§ **Records contained in a dataset**:
↓↓↓
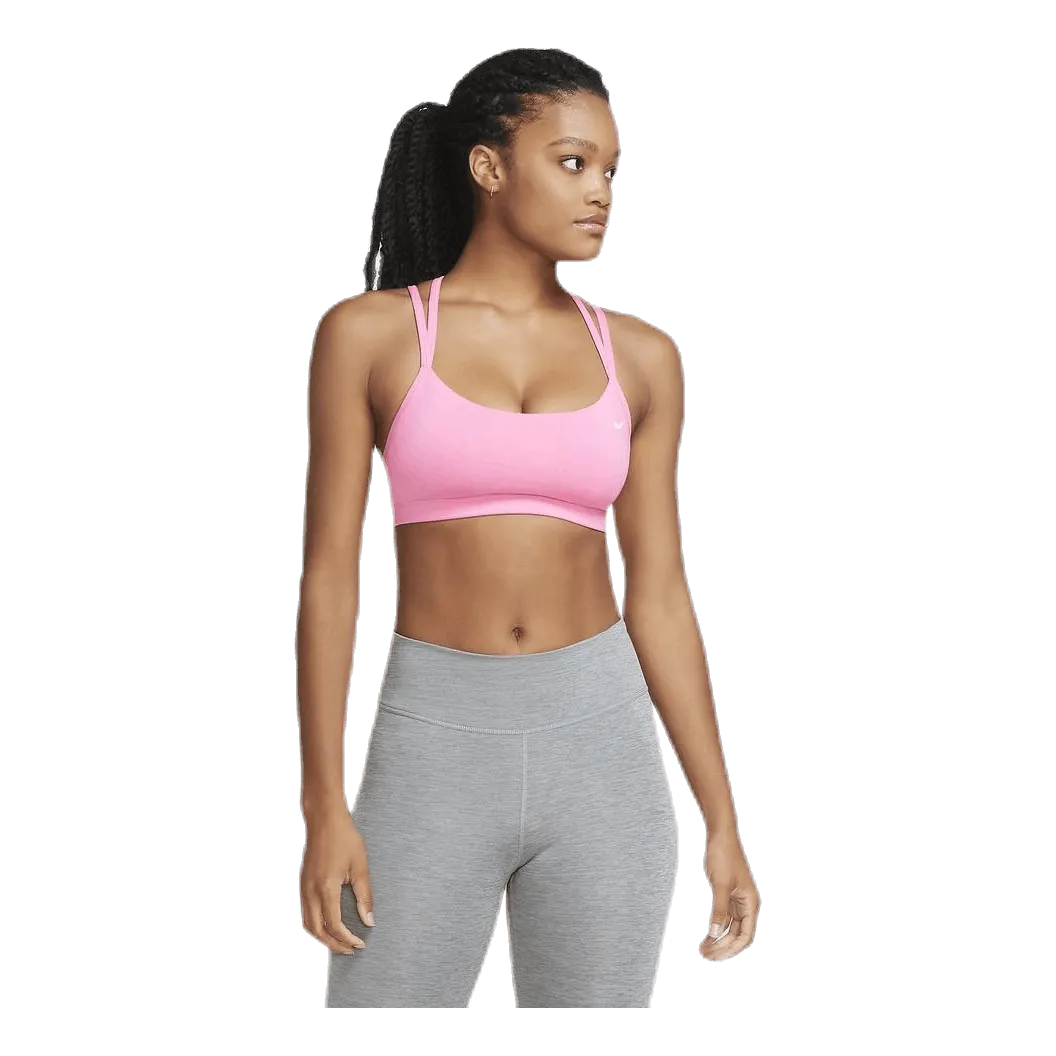 Nike Strappy Bra Pink/White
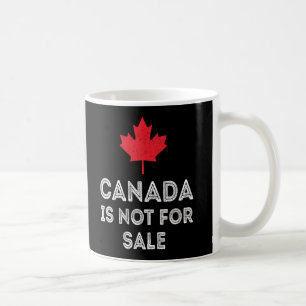 Kanada nicht zum Verkauf - stolz und patriotisch Kaffeetasse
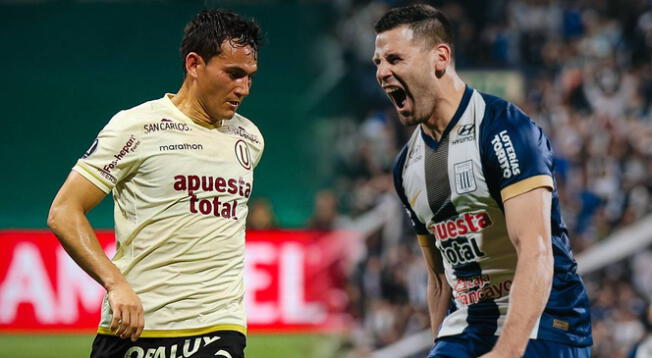 Universitario vs. Alianza Lima se enfrentan por la Liga 1. Universitario vs. Alianza Lima se enfrentan por la Liga 1.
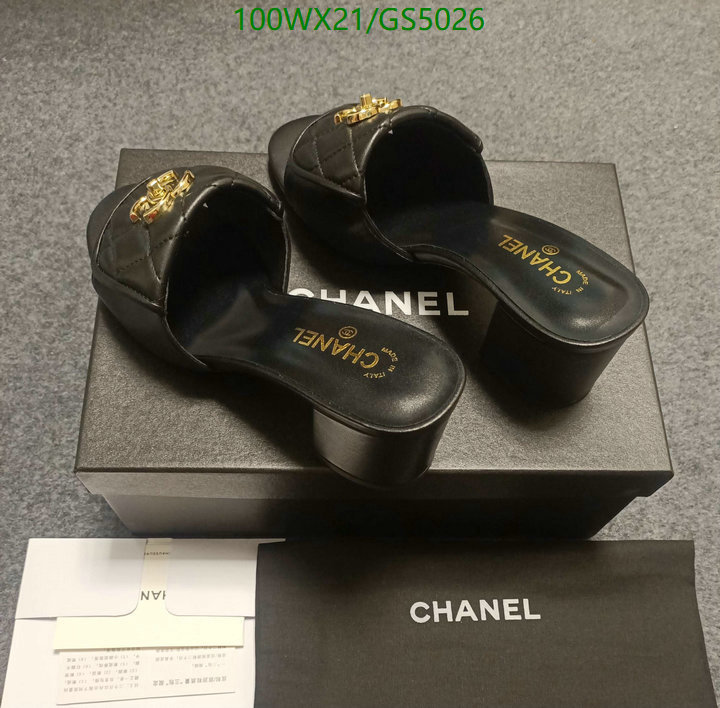Women Shoes-Chanel Code: GS5026 $: 100USD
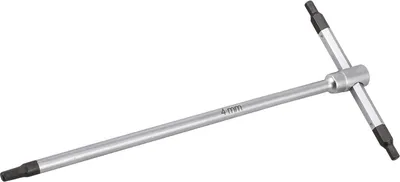 Produktbild von Bikeservice Schrdrehr Tgriff Bst In6Knt 4Mm X 180 Mm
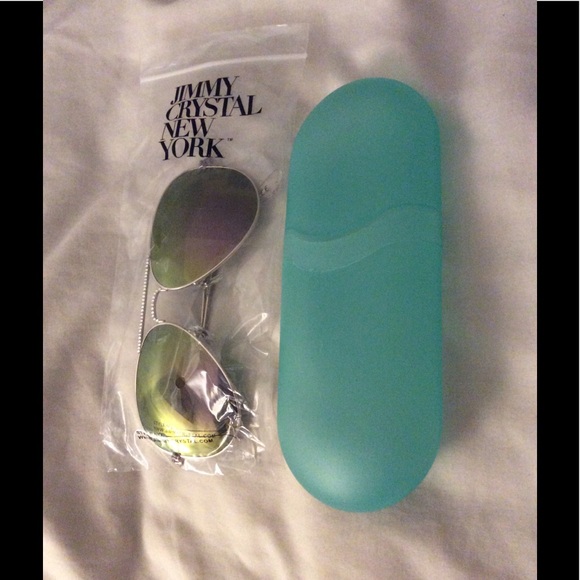 Jimmy crystal with Swarovski crystals sunglasses - Picture 2 of 5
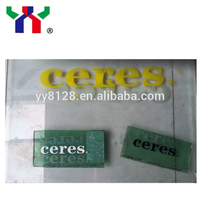 Verre Ceres pour sérigraphie UV et éco-solvant, pour bouteilles en verre, avec couleurs personnalisables et options de séchage UV/NORMALE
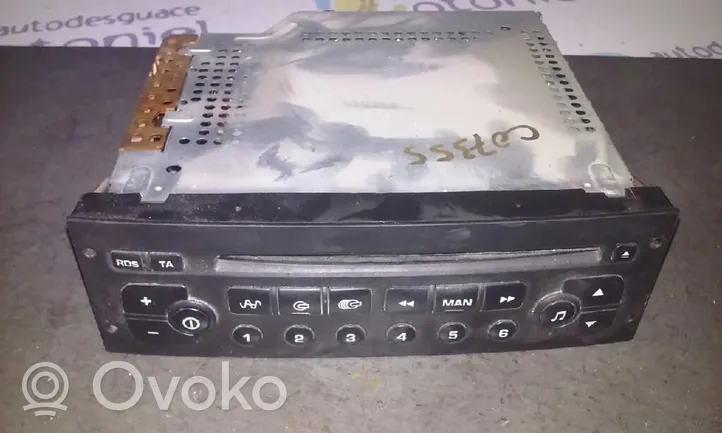 Peugeot 206 Moduł / Sterownik dziku audio HiFi 9645145977700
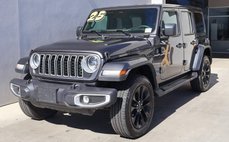 2025 Jeep Wrangler Sahara 4xe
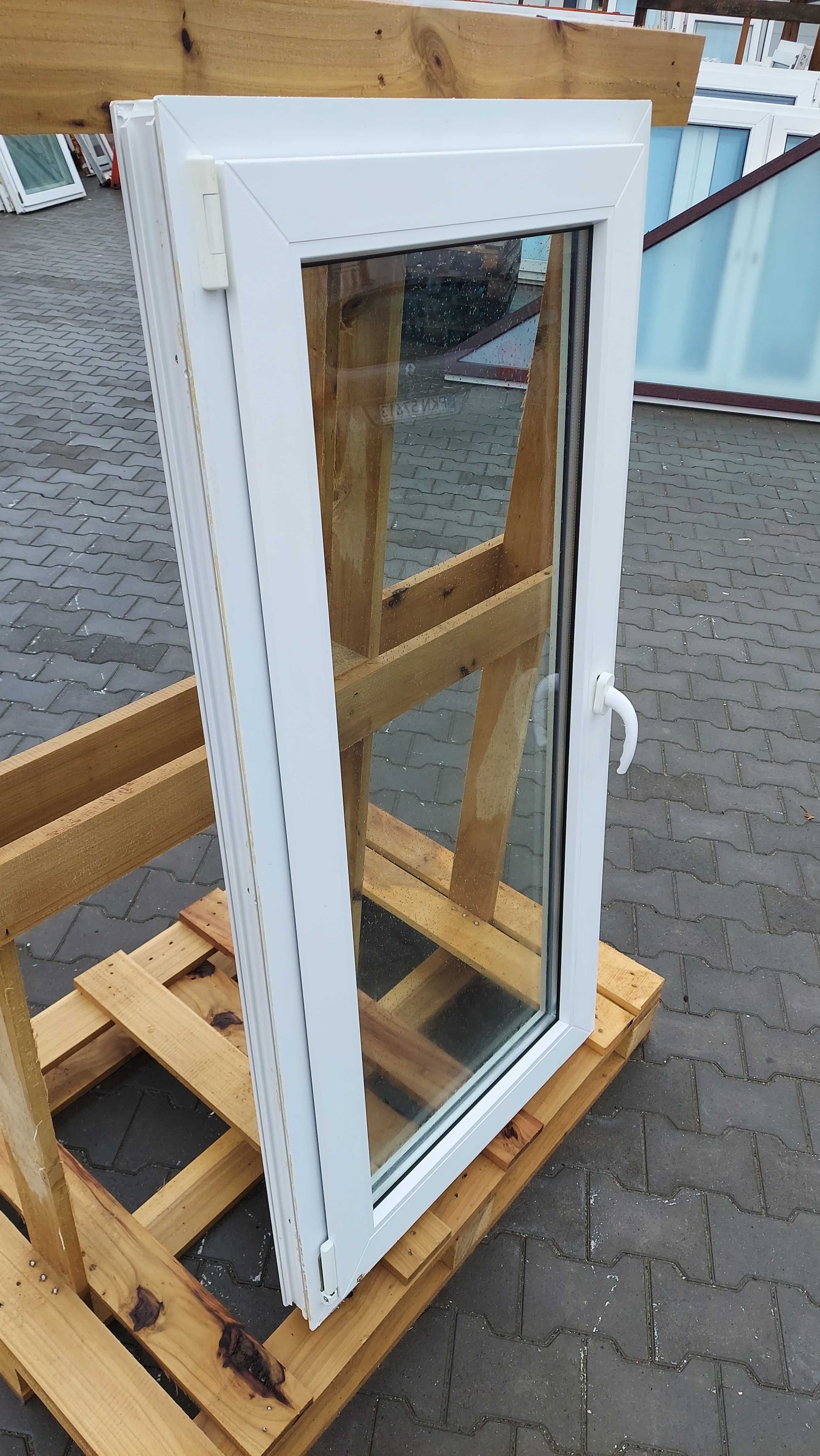 Okna UŻYWANE z Niemiec - 71x143 - gotowe do montażu - Dowóz PL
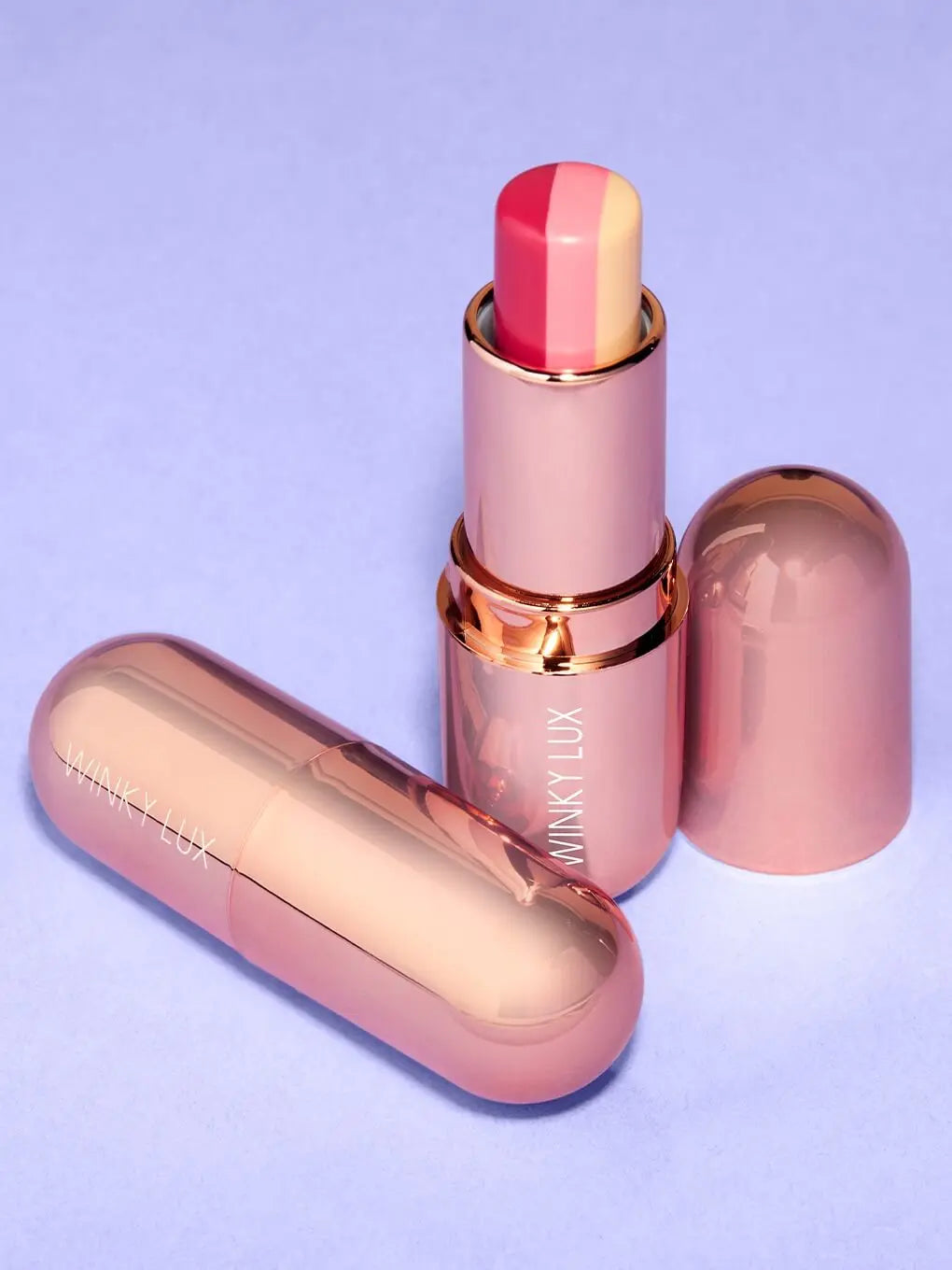 Indulge Your Lips with Strawberry Rose Tinted Lip Balm - Hydrating, Nourishing, and Deliciously Sweet!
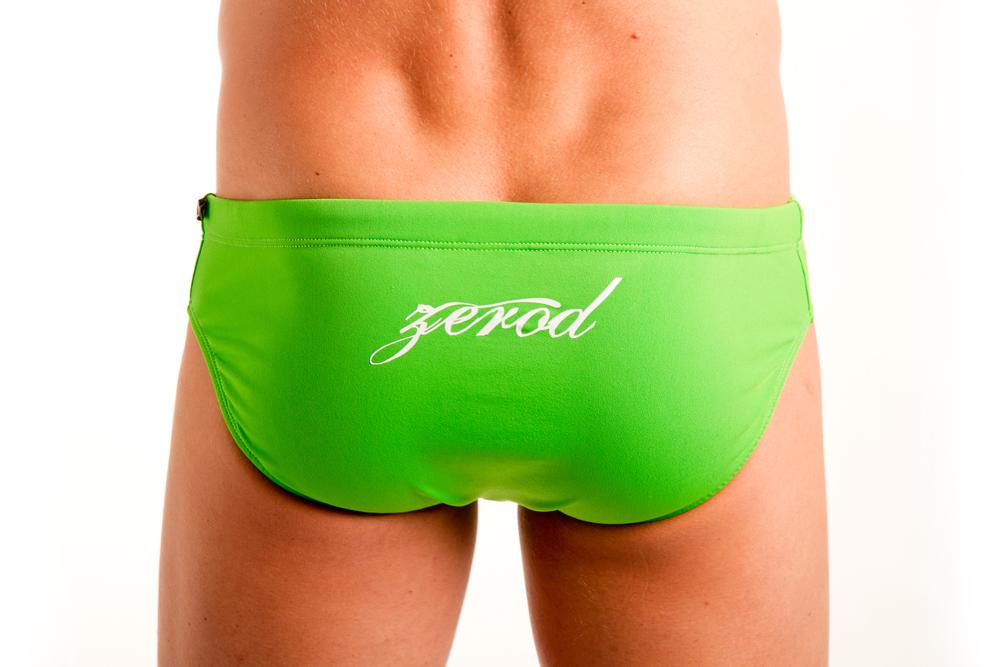 Z3R0D Triathlon Swimming, BRIEFS TRAINING BRIEF GREEN (GREEN)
↑↑↑
§ **Try it**:
Would you restate word for word only the lines from the line with "Indulge Your Lips" to the last line above, with the pictures left out?

§ **Exercise response**:
 Indulge Your Lips with Strawberry Rose Tinted Lip Balm - Hydrating, Nourishing, and Deliciously Sweet!
 Z3R0D Triathlon Swimming, BRIEFS TRAINING BRIEF GREEN (GREEN)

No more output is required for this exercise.